All of lore.kernel.org
 help / color / mirror / Atom feed
* Ethernet padding - ti_cpsw vs DSA tail tag
@ 2021-05-31 12:40 Ben Hutchings
  2021-05-31 14:29 ` Vladimir Oltean
  0 siblings, 1 reply; 4+ messages in thread
From: Ben Hutchings @ 2021-05-31 12:40 UTC (permalink / raw)
  To: netdev
  Cc: Grygorii Strashko, linux-omap, Andrew Lunn, Vivien Didelot,
	Florian Fainelli, Vladimir Oltean

I'm working on a system that uses a TI Sitara SoC with one of its
Ethernet ports connected to the host port of a Microchip KSZ8795
switch.  I'm updating the kernel from 4.14.y to 5.10.y.  Currently I
am using the ti_cpsw driver, but it looks like the ti_cpsw_new driver
has the same issue.

The Microchip switch expects a tail tag on ingress from the host port
to control which external port(s) to forward to.  This must appear
immediately before the frame checksum.  The DSA core correctly pads
outgoing skbs to at least 60 bytes before tag_ksz appends the tag.

However, since commit 9421c9015047 ("net: ethernet: ti: cpsw: fix min
eth packet size"), the cpsw driver pads outgoing skbs to at least 64
bytes.  This means that in smaller packets the tag byte is no longer
at the tail.

It's not obvious to me where this should be fixed.  Should drivers
that pad in ndo_start_xmit be aware of any tail tag that needs to be
moved?  Should DSA be aware that a lower driver has a minimum size >
60 bytes?

Ben.

^ permalink raw reply	[flat|nested] 4+ messages in thread

* Re: Ethernet padding - ti_cpsw vs DSA tail tag
  2021-05-31 12:40 Ethernet padding - ti_cpsw vs DSA tail tag Ben Hutchings
@ 2021-05-31 14:29 ` Vladimir Oltean
  2021-05-31 15:22   ` Florian Fainelli
  2021-06-11 14:12   ` Grygorii Strashko
  0 siblings, 2 replies; 4+ messages in thread
From: Vladimir Oltean @ 2021-05-31 14:29 UTC (permalink / raw)
  To: Ben Hutchings
  Cc: netdev, Grygorii Strashko, linux-omap, Andrew Lunn,
	Vivien Didelot, Florian Fainelli

Hi Ben,

On Mon, May 31, 2021 at 02:40:52PM +0200, Ben Hutchings wrote:
> I'm working on a system that uses a TI Sitara SoC with one of its
> Ethernet ports connected to the host port of a Microchip KSZ8795
> switch.  I'm updating the kernel from 4.14.y to 5.10.y.  Currently I
> am using the ti_cpsw driver, but it looks like the ti_cpsw_new driver
> has the same issue.
> 
> The Microchip switch expects a tail tag on ingress from the host port
> to control which external port(s) to forward to.  This must appear
> immediately before the frame checksum.  The DSA core correctly pads
> outgoing skbs to at least 60 bytes before tag_ksz appends the tag.
> 
> However, since commit 9421c9015047 ("net: ethernet: ti: cpsw: fix min
> eth packet size"), the cpsw driver pads outgoing skbs to at least 64
> bytes.  This means that in smaller packets the tag byte is no longer
> at the tail.
> 
> It's not obvious to me where this should be fixed.  Should drivers
> that pad in ndo_start_xmit be aware of any tail tag that needs to be
> moved?  Should DSA be aware that a lower driver has a minimum size >
> 60 bytes?

These are good questions.

In principle, DSA needs a hint from the master driver for tail taggers
to work properly. We should pad to ETH_ZLEN + <the hint value> before
inserting the tail tag. This is for correctness, to ensure we do not
operate in marginal conditions which are not guaranteed to work.

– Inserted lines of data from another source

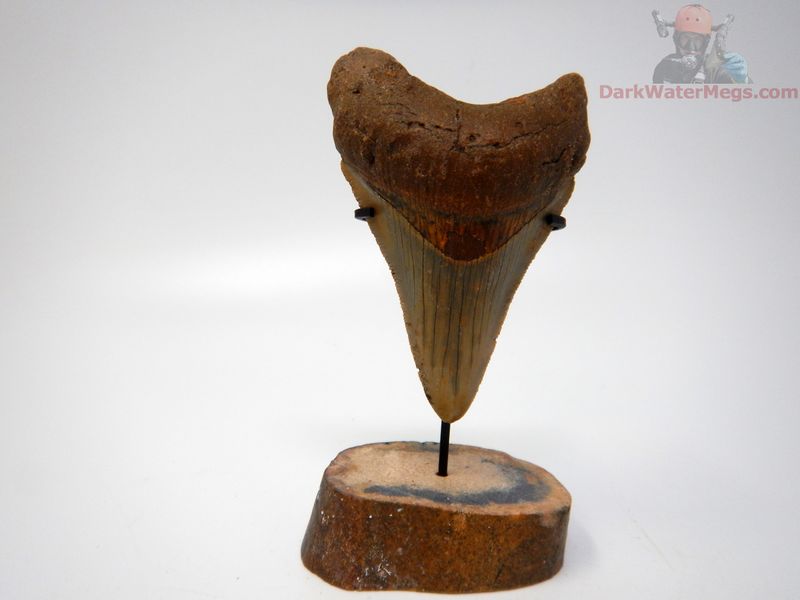 3.08"  megalodon with fossil stand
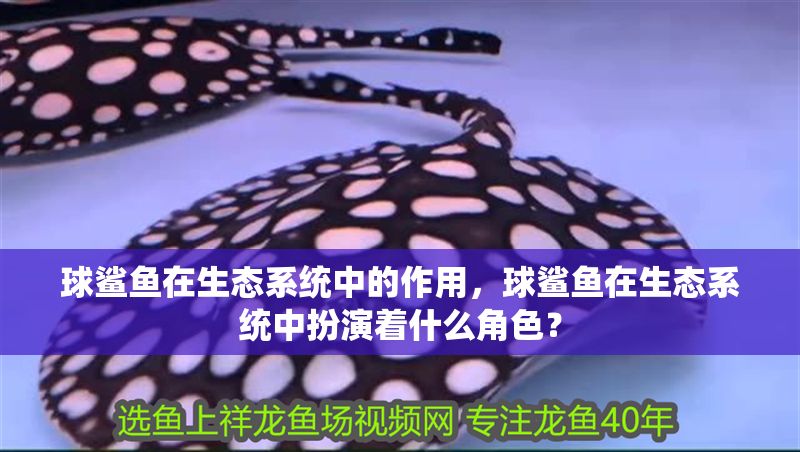 球鯊魚在生態系統中的作用，球鯊魚在生態系統中扮演著什么角色？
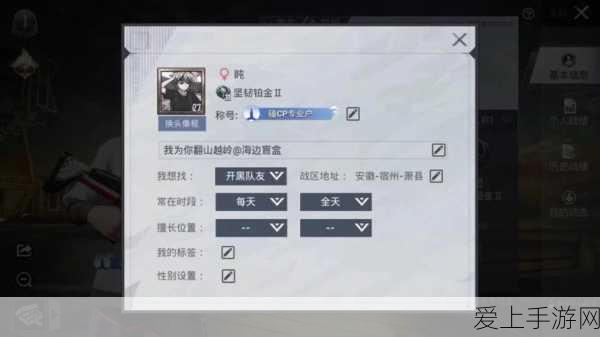 和平精英2024年ID修改全攻略,轻松更名,驰骋战场新风尚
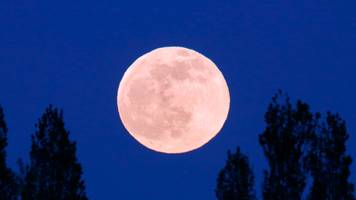 pink moon 2026: namensgebung, bedeutung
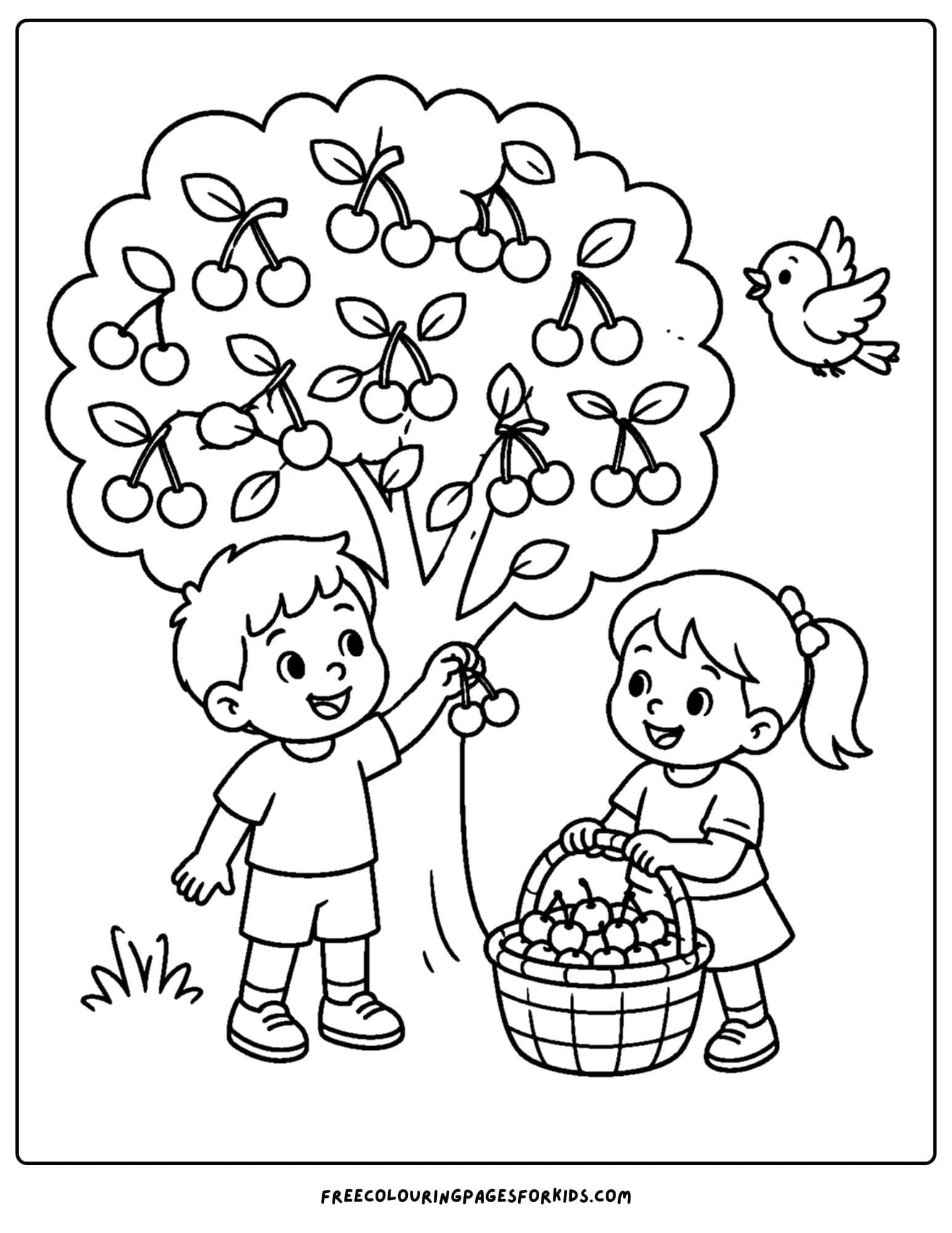 an orchard coloring page showing children picking cherries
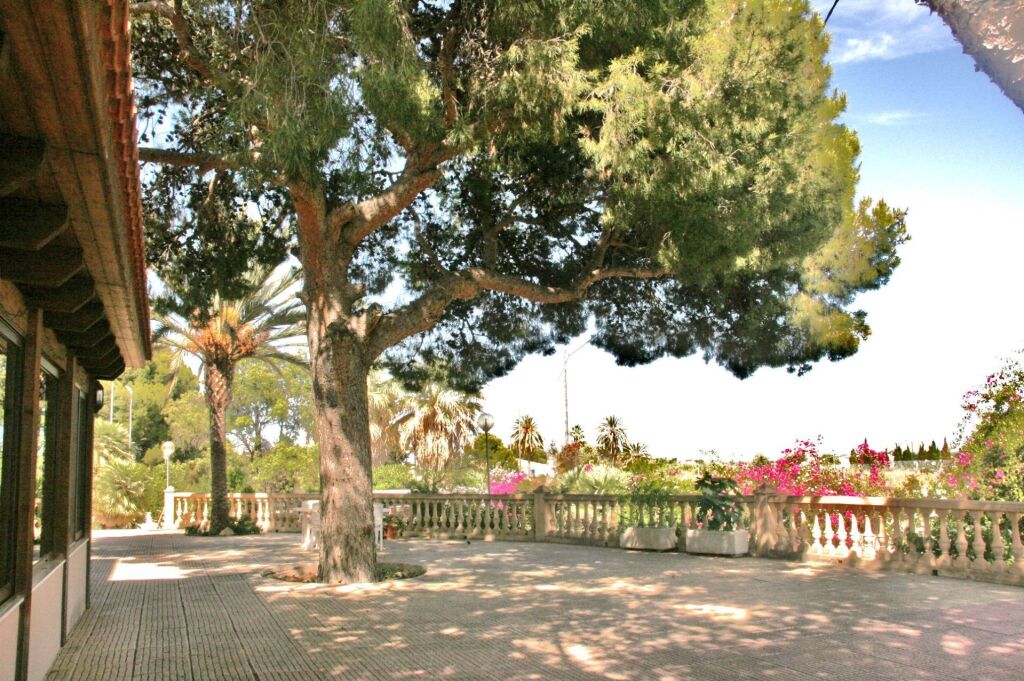 Imagen 3 de Casa-Chalet en Venta en Mutxamel Alicante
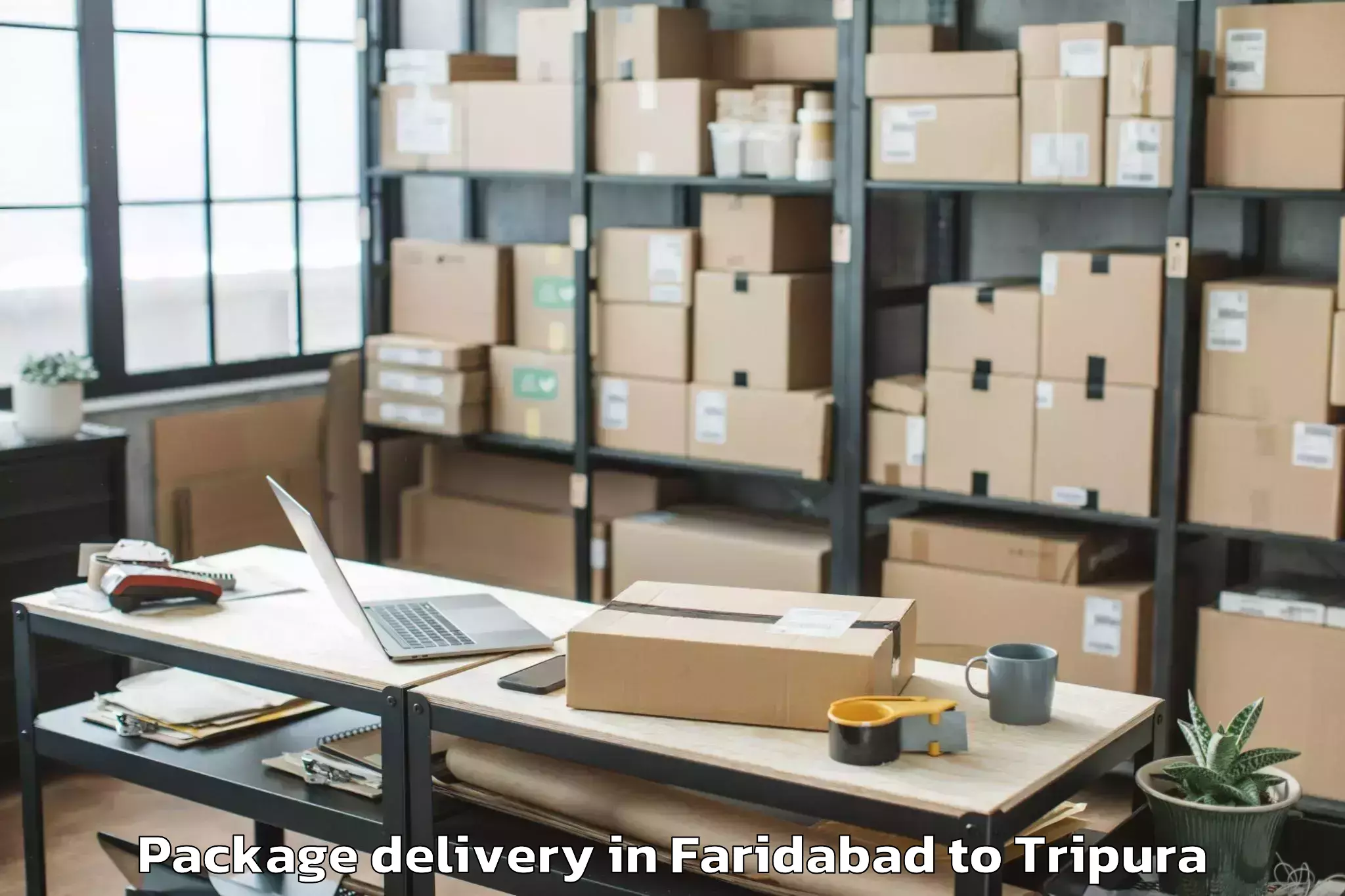 Easy Faridabad to Kailashahar Package Delivery Booking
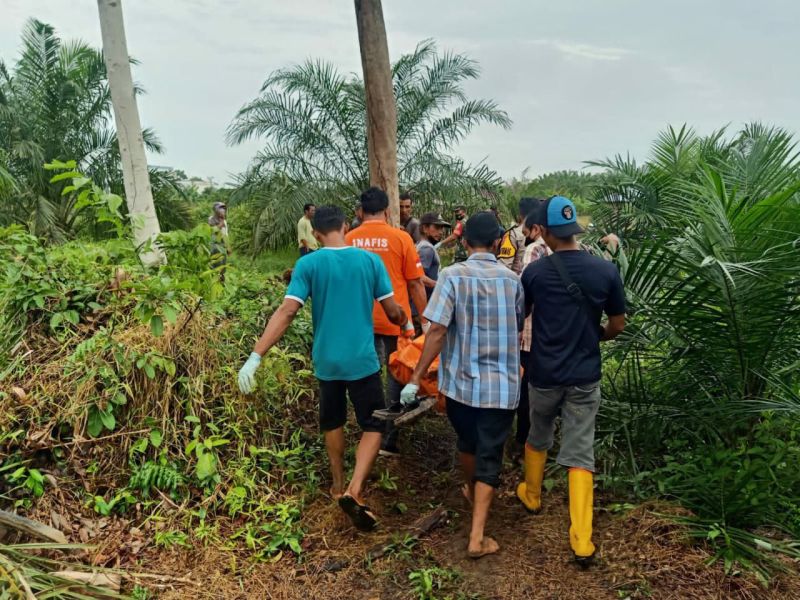 Tak Kunjung Pulang Setelah Pamit Beli Kuota Internet, Gadis Cantik Ini Ditemukan Tewas di Kebun Sawit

A naive approach would be to take the hint from master->min_mtu.
However, the first issue that appears is that the dev->min_mtu value is
not always set quite correctly.

The MTU in general measures the number of bytes in the L2 payload (i.e.
not counting the Ethernet + VLAN header, nor FCS). The DSA tag is
considered to be a part of the L2 payload from the perspective of a
DSA-unaware master.

But ether_setup() sets up dev->min_mtu by default to ETH_MIN_MTU (68),
which cites RFC791. This says:

    Every internet module must be able to forward a datagram of 68
    octets without further fragmentation.  This is because an internet
    header may be up to 60 octets, and the minimum fragment is 8 octets.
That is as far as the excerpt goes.